Gwendoline had thrown herself into
a fever of alarm as soon as she had posted her letter
to Granville Kelmscott. She went up to her own
room, flung herself wildly on the hed, and sobbed herself
into a half-hysterical, half-delirious state, long
before dinner-time. She hardly knew herself at
first how really ill she was. Her hands were
hot and her forehead burning. But she disregarded
such mere physical and medical details as those, by
the side of a heart too full for utterance. She
thought only of Granville, and of that horrid man
who had threatened with such evident spite and rancour
to ruin him.
She lay there some hours alone, in
a high fever, before her mother came up to her room
to fetch her. Mrs. Gildersleeve was a subdued
and soft-voiced woman, utterly crushed, so people said,
by the stronger individuality of that blustering,
domineering, headstrong man, her husband. And
to say the truth, the eminent Q.C. had taken all the
will out of her in twenty-three years of obedient slavery.

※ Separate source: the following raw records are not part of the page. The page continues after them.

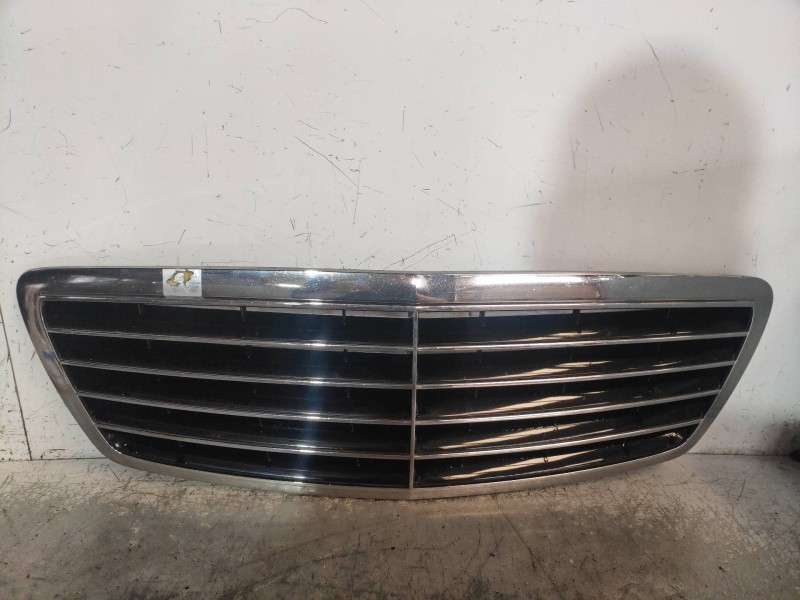 Recambio de rejilla delantera para mercedes clase s (w220) berlina 320 cdi (220.025) referencia OEM IAM A2208800583  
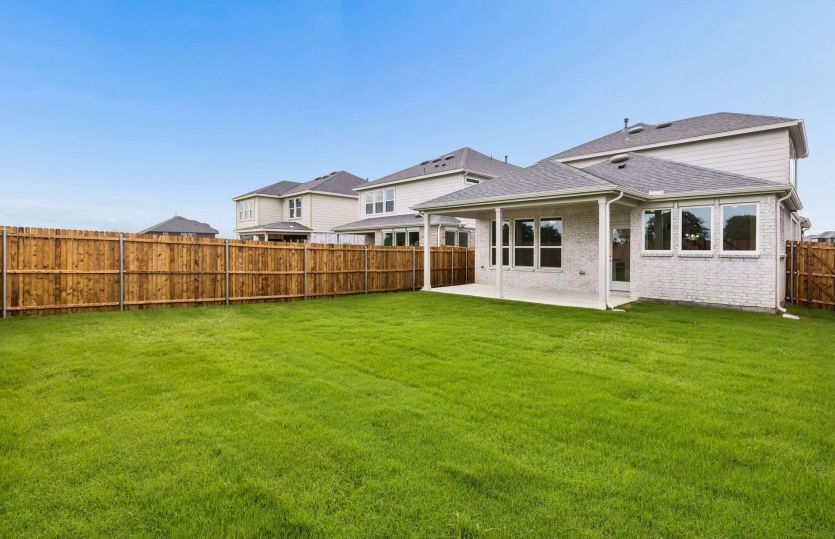 Oversized fenced-in backyard *model representation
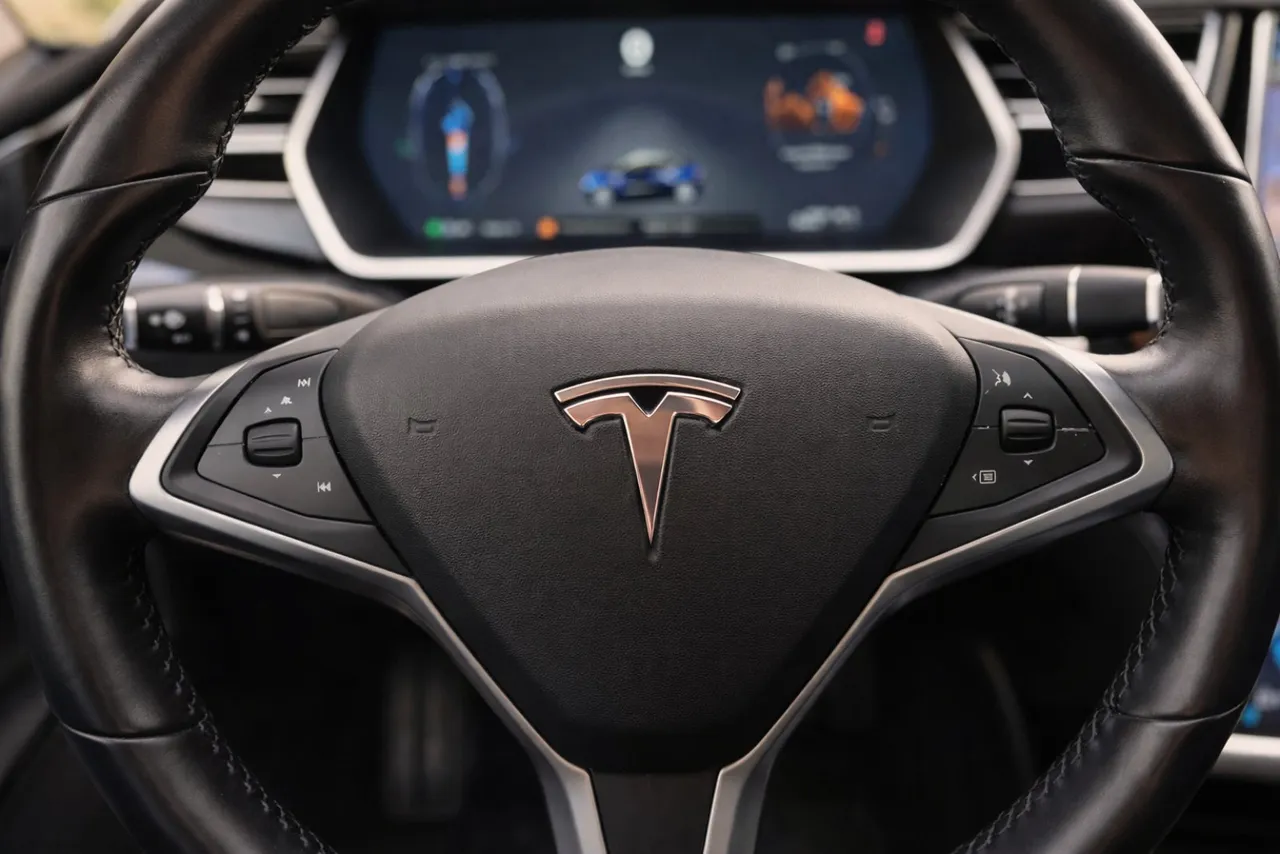 Tesla Model S - фото 14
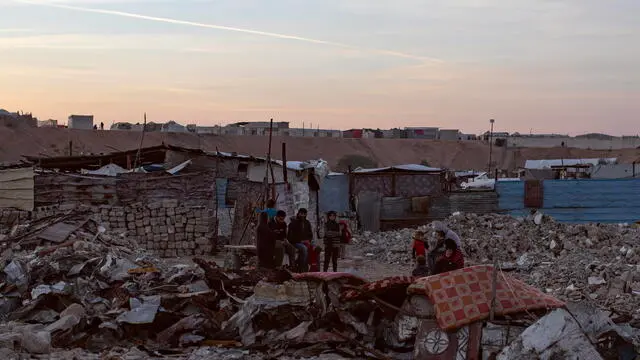 epa11766742 Displaced Palestinians gather next to their tents that were temporarily set up in Khan Younis, southern Gaza Strip, 09 December 2024. According to the UN, at least 1.9 million people (or nine in ten people) across the Gaza Strip are internally displaced, including people who have been repeatedly displaced. Since October 2023, only about 11 percent of the Gaza Strip has not been placed under Israeli-issued evacuation orders, the UN aid coordination office OCHA said. EPA/HAITHAM IMAD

She was pretty still, to be sure, in a certain faded,
jaded, unassuming way; but her patient face wore a
constant expression of suppressed terror, as if she
expected every moment to be the victim of some terrible
and unexplained exposure. And that feature at
least in her idiosyncrasy could hardly be put down
to Gilbert Gildersleeve’s account; for hectoring
and strong-minded as the successful Q.C. was known
to be, nobody could for a moment accuse him in any
definite way of deliberate unkindness to his wife or
daughter. On the contrary, he was tender and indulgent
to them to the last degree, as he understood those
virtues. It was only by constant assertion of
his own individuality, and constant repression or
disregard of theirs, that he had broken his wife’s
spirit and was breaking his daughter’s.
He treated them as considerately as one treats a pet
dog, doing everything for them that care and money
could effect, except to admit for a moment their claim
to independent opinions and actions of their own,
or to allow the possibility of their thinking and
feeling on any subject on earth one nail’s breadth
otherwise than as he himself did.
At sight of Gwendoline, Mrs. Gildersleeve
came over to the bed with a scared and startled air,
felt her daughter’s face tenderly with her hands
for a moment, and then cried in alarm, “Why,
Gwennie, what’s this? Your cheeks are
burning! Who on earth has been here? Has
that horrid man come down again from London to worry
you?”
Gwendoline looked up and tried to
prevaricate. But conscience was too strong for
her; the truth would out for all that. “Yes,
mother,” she cried, after a pause, “and
he said, oh, he said—I could never tell
you what dreadful things he said. But he’s
so wicked, so cruel! You never knew such a man!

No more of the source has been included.